The board of the Maryland Health Benefit Exchange voted Tuesday night to overhaul its troubled healthcare website by adopting the smooth-running technology platform developed by Connecticut.
Maryland has spent about $125.5 million operating and building its exchange, but in late February the state severed its $193-million contract with prime technology contractor Noridian Healthcare Solutions after struggling with technical problems that led to thousands of lost and stuck applications, as well as long wait times for frustrated consumers.
Top state officials considered repairing the system at a cost of $66 million, according to a memo provided to the board, but believed the final product would still not "provide a stable, sustainable system."
They also ruled out a move to the federal exchange at an estimated cost of as much as $53 million, because they did not think the federal portal could adequately support their state plan.
The partnership with Connecticut, top exchange officials said in the memo to board members, would allow Maryland to reuse existing software licenses as well as $8 million worth of hardware components. Exchange officials estimate the upgrade using the Connecticut technology platform will take about 6 months and cost about $40 million to $50 million.

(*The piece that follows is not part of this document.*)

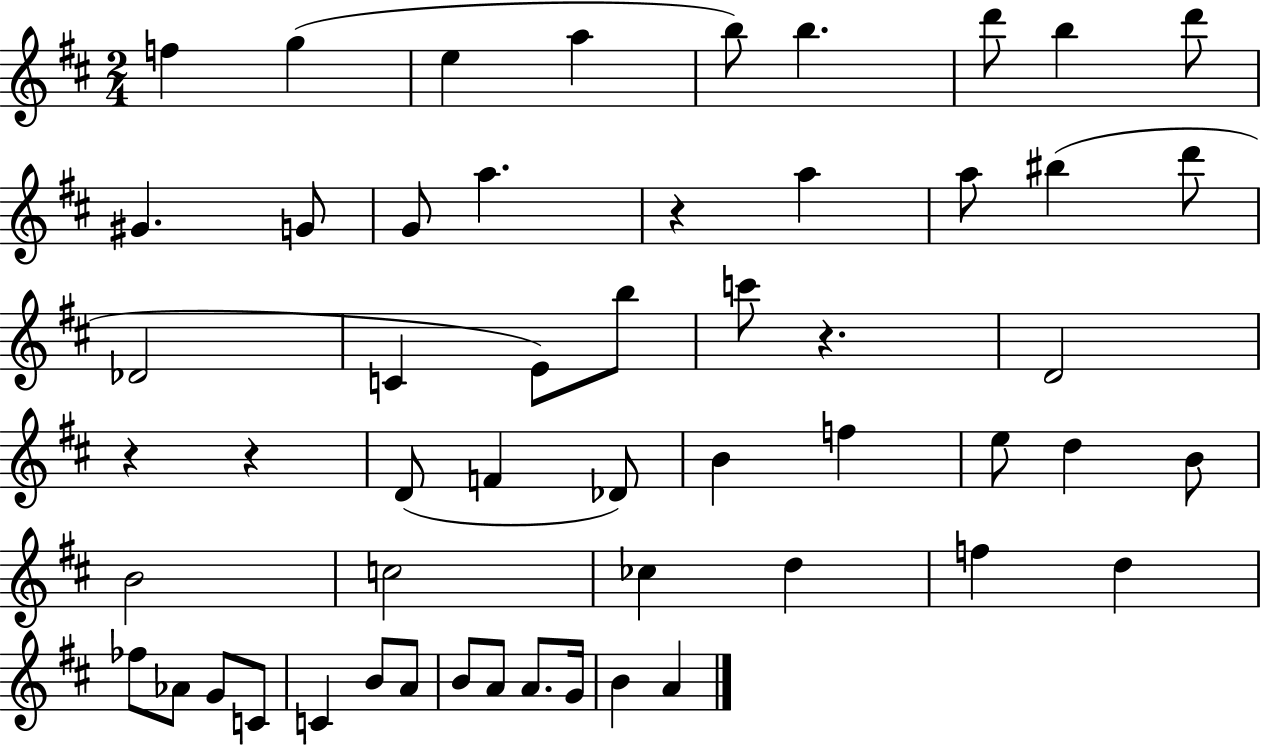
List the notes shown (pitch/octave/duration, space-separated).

F5/q G5/q E5/q A5/q B5/e B5/q. D6/e B5/q D6/e G#4/q. G4/e G4/e A5/q. R/q A5/q A5/e BIS5/q D6/e Db4/h C4/q E4/e B5/e C6/e R/q. D4/h R/q R/q D4/e F4/q Db4/e B4/q F5/q E5/e D5/q B4/e B4/h C5/h CES5/q D5/q F5/q D5/q FES5/e Ab4/e G4/e C4/e C4/q B4/e A4/e B4/e A4/e A4/e. G4/s B4/q A4/q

"We have paid about $55 million to Noridian for development, hardware and software licenses," read the memo from Maryland's health secretary, top information technology official and acting exchange director. "The Maryland Health Benefit Exchange can seek to recoup these expenditures through litigation against our original contractors."
Noridian could not be reached for comment Tuesday night.
[Updated 8:58 p.m. April 1: In a statement released late Tuesday, Tom McGraw, Noridian's president and chief executive, blamed state and federal officials for adding "bells and whistles" that caused many of the problems. "Noridian acknowledges that many users had difficultly enrolling in health plans when the system went live on Oct. 1, 2013, and the company invested tremendous resources to remove those difficulties," he said.]
In late December, the state brought on Optum/QSSI -- which also helped fix the federal portal, HealthCare.gov -- to help salvage the system before the end of open enrollment this week. The interim team fixed many of the defects and tripled the number of workers who could assist by manually enrolling people through the call centers. But exchange officials said that "major architectural changes" would be needed to make the system sustainable, and in a memo to the board Monday they said the system remained "deeply flawed."
In a joint statement Tuesday night, Maryland Gov. Martin O'Malley and his lieutenant governor said the website had been a "source of great frustration" for many Marylanders and that the vendors "failed to build ... the platform they promised."
In spite of the technical failures, O'Malley and Lt. Gov. Anthony G. Brown said, state leaders had exceeded their goal by enrolling more than 295,000 people. "That means a lot to these families who have the security and peace of mind that comes with having quality, affordable healthcare," they said. "And it means a lot for the long-term affordability of our healthcare system."
Both men face possible political repercussions from the troubled healthcare rollout. O'Malley, a Democrat, is weighing a run for president in 2016 and Brown is running to succeed him as governor.
Kevin Counihan, the head of the Connecticut Exchange, said his staff had met with officials from five states to discuss the possibility of leasing out Connecticut's technology, but said they would only operate in concert with one state. Counihan attributed his state's success to its effort to recruit people from the private sector who "were used to a lot of pressure, irrational time frames and a lack of resources," and were willing "to say no" when vendors offered complex features.
"The adult in the room, ironically, has to be the client sometimes," Counihan said in an interview last week, explaining how Connecticut slashed the scope of the technology its exchange had originally planned. "We really wanted to focus on doing fewer things consistently well."
Maryland is facing an investigation by the federal Health and Human Services Department's inspector general, who confirmed in a letter to federal lawmakers Tuesday that his office planned to look at whether Maryland complied with federal requirements when it developed and launched its health insurance exchange.
In the letter to Rep. Jack Kingston (R-Ga.), who chairs the House appropriations subcommittee that oversees health and human services, Inspector General Daniel R. Levinson said his staff would analyze expenditures to determine whether costs were "allowable" and "reasonable," and would "make recommendations for financial recovery if appropriate."